“Uma borboleta” é como Luana*, 37 anos, diz se sentir após 10 anos de relacionamento com o ex-parceiro. Há cinco meses solteira, ela conta que as agressões psicológicas deixaram traumas. “Ele não me deixava arrumar emprego ou estudar nem gerar um bebê”.
Casos de violência psicológica passaram a ser tipificados e registrados no Amazonas somente a partir de julho deste ano quando a Lei de nº 14.188/2021 foi sancionada pelo presidente Jair Bolsonaro (sem partido). Antes, eram incluídos em crimes de ameaça, perturbação da tranquilidade e constrangimento ilegal.

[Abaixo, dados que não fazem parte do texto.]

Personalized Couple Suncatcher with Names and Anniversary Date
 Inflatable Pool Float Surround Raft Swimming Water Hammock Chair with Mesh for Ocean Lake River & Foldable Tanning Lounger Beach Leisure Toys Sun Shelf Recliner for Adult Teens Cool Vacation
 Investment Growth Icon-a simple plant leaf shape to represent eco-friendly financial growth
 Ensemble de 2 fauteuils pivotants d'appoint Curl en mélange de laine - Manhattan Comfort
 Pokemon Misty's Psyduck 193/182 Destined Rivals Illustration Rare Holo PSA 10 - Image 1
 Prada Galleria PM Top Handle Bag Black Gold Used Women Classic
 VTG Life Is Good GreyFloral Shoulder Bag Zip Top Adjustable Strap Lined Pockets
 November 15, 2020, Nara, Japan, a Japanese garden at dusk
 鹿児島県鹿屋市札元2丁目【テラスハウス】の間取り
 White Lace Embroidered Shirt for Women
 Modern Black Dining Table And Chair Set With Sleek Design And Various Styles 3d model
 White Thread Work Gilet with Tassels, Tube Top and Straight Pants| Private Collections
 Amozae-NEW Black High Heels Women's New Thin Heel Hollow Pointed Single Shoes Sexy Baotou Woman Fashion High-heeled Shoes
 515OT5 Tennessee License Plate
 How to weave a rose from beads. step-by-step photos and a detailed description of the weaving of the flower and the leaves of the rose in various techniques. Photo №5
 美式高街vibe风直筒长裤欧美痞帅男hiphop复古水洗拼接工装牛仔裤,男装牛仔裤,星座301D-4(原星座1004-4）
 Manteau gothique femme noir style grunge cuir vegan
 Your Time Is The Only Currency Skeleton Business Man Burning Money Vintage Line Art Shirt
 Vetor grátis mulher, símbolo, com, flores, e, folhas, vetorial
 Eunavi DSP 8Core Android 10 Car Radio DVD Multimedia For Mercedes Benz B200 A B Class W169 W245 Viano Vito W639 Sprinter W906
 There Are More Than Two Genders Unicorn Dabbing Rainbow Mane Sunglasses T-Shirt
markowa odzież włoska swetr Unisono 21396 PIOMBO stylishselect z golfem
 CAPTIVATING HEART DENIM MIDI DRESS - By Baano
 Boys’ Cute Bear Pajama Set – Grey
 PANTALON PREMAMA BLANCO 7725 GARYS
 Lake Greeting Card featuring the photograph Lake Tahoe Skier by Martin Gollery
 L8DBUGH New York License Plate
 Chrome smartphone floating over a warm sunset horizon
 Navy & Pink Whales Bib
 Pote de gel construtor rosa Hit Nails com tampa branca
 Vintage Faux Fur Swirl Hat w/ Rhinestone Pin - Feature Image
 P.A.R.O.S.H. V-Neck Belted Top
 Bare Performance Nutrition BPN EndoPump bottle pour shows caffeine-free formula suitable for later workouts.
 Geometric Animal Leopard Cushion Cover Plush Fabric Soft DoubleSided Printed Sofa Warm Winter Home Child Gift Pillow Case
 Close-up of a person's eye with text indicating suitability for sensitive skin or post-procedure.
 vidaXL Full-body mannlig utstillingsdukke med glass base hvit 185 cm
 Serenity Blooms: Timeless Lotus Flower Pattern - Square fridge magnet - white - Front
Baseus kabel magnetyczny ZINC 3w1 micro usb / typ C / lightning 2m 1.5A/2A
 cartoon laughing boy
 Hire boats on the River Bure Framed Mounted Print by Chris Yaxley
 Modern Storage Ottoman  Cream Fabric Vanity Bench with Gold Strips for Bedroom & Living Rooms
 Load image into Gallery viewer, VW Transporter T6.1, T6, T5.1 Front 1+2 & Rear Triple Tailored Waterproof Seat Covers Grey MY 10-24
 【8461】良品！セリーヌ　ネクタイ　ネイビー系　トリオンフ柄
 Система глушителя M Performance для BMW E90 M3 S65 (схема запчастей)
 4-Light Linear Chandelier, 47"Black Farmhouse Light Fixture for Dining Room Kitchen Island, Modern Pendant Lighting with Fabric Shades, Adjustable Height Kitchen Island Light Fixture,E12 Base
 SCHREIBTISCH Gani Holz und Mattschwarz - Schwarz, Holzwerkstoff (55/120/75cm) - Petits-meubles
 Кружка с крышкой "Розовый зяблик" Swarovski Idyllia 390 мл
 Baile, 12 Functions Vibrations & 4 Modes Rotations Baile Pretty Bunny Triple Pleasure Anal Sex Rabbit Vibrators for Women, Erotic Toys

“Nós não deixávamos a violência psicológica sem a penalização devida”, diz a delegada Débora Mafra da Delegacia de Crimes Contra a Mulher. “Depois que [a Lei] passou a existir, abarcamos todos esses crimes dentro dela”, explica.
No primeiro mês em vigor, a Secretaria de Segurança Pública do Estado registrou 17 denúncias desse tipo em Manaus. Em agosto, houve um crescimento de 1.252%, com 213 ocorrências. Em setembro, houve novo aumento para 258 notificações, variação de 121,13% em relação a agosto.
Mexer com as emoções, com o psicológico, é o primeiro passo para que a agressão seja consumada contra a mulher. A psicóloga Vanuza Siqueira, da ONG Casa Mamãe Margarida, explica que “quem está em uma relação abusiva não consegue visualizar o que a gente, que está de fora, vê”.
É o caso de Maria*, de 39 anos. “Eu preferia ficar na rua do que voltar para minha casa porque eu sabia que lá estaria me esperando uma pessoa doente, com a mente fértil e tóxica”, diz. O relacionamento que viveu por oito anos só teve fim porque ela se ateve aos “detalhes” e percebeu que “ele queria entrar na minha mente”.
“O ciúme dele era tão abusivo que quando eu ia na taberna, ele ficava da janela me olhando. Começou assim, com minhas idas à taberna, depois ele não queria que eu fosse buscar minha filha sozinha. Eu tinha que esperar ele chegar do trabalho às seis da tarde para buscar minha filha na escola – ela saía às quatro horas da tarde. Eu não cedia porque eu percebia que aquilo era abusivo”, conta Maria.
O ex-marido a isolava da família. “Meus irmãos e minha mãe não podiam entrar na minha casa se ele não permitisse”. Mesmo contestando [“eu dizia para ele que ele não morava sozinho e que eu pagava metade da casa e, portanto, ela era nossa”] ele não a deixava visitar a mãe e nem o contrário.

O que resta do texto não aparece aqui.